Exit West
Exit West by
Mohsin Hamid
Book Review
I’ve read The Reluctant Fundamentalist and How to Get Filthy Rich in Rising Asia,
the latter a bit tongue-in-cheek, very self-conscious of the global economy,
and man’s place in the universe of commerce. In fact many of his stories play
with contemporary history—not through the eyes of a romantic, but a pragmatist.

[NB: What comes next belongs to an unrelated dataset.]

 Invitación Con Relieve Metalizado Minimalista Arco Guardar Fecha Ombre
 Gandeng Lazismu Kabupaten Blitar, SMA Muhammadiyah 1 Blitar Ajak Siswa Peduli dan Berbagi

The world is basically screwed—which is why I loved his latest novel because
moving instinctively with this premise he gently leads us into a dystopia,
something not unlike what “could be.”
Yet, the novels
I’ve mentioned and this latest addition all are love stories. So maybe he is a
romantic. Maybe there is hope after all.
Exit West is about doors, doors that connect us
other lives, just as his books are portals into the lives of others—mostly what
might be considered third-world, whatever that means because these definitions
are quickly shifting.
The US used to
be a world leader, used to stand for democracy. How quickly things can change.
A young couple
sits at a café, an awkward first date with their phones between them, screen
down on the table. Very millennial. Nothing in this scene prepares us for a
coming apocalypse. We are comfortable that life will continue as it always has
in a somewhat ordered and reasonable manner, but yet in dark corners there are
hints that all is not as it should be. I’m surprised at how easily the couple accommodated,
adjusted to each new reality. Much like a couple dining in a burned out rubble
house during World War II. We burned electricity until it no longer came out of
the wall and then lit candles until we ran out of matches and wax. From disaster
to catastrophe with the instincts of a survivor.
The metaphor or
use of doors to: travel. To suddenly end up somewhere else speaks to the sudden
shifts in population we are now experiencing. The crisis magnified by native
reaction. Scenes in the book read like headlines. Women in train stations
fearful of holiday-making migrants, refugees pulling down fences, foreigners
living in tent cities. Constantly the push and pull of humanity to resettle and
start afresh.
I would pair
this book with Colson Whitehead’s The Underground
Railroad. There is a speculative nature to the story, the fantastic where
people groups move out of slavery or away from war and certain death, and how
the contemporary informs the story. I wouldn’t classify either of these works
as science fiction. More like: What if?